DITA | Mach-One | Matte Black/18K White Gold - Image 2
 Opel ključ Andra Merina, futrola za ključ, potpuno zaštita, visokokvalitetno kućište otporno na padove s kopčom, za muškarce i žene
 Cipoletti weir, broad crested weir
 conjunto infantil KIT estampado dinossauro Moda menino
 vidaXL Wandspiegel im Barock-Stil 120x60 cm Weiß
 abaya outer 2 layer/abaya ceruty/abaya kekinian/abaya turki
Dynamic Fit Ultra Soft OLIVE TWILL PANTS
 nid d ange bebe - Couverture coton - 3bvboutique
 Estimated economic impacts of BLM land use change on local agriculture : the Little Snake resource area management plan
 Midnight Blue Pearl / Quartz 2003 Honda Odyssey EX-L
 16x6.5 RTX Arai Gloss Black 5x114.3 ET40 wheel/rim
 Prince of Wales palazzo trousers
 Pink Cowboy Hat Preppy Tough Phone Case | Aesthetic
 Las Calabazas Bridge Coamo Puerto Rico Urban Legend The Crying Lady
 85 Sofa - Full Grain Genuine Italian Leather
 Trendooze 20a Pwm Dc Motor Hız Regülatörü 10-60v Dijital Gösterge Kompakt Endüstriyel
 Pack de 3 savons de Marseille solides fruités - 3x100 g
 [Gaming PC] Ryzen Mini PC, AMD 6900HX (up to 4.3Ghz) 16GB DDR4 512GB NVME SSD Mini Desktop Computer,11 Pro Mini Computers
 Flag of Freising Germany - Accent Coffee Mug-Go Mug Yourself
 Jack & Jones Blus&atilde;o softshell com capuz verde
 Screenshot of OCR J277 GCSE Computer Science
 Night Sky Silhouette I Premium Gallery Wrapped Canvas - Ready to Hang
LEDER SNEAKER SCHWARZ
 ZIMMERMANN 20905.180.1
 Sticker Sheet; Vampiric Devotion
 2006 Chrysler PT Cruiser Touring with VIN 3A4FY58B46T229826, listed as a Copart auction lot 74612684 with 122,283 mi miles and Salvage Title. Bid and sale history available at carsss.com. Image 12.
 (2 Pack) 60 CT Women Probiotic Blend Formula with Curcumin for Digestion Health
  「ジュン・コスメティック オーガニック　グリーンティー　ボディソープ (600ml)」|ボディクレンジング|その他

======

AIM OF THE EXERCISE: In the data above, each line holding "with" is to be found and copied.

RESPONSE TO THE EXERCISE:
 2006 Chrysler PT Cruiser Touring with VIN 3A4FY58B46T229826, listed as a Copart auction lot 74612684 with 122,283 mi miles and Salvage Title. Bid and sale history available at carsss.com. Image 12.
 (2 Pack) 60 CT Women Probiotic Blend Formula with Curcumin for Digestion Health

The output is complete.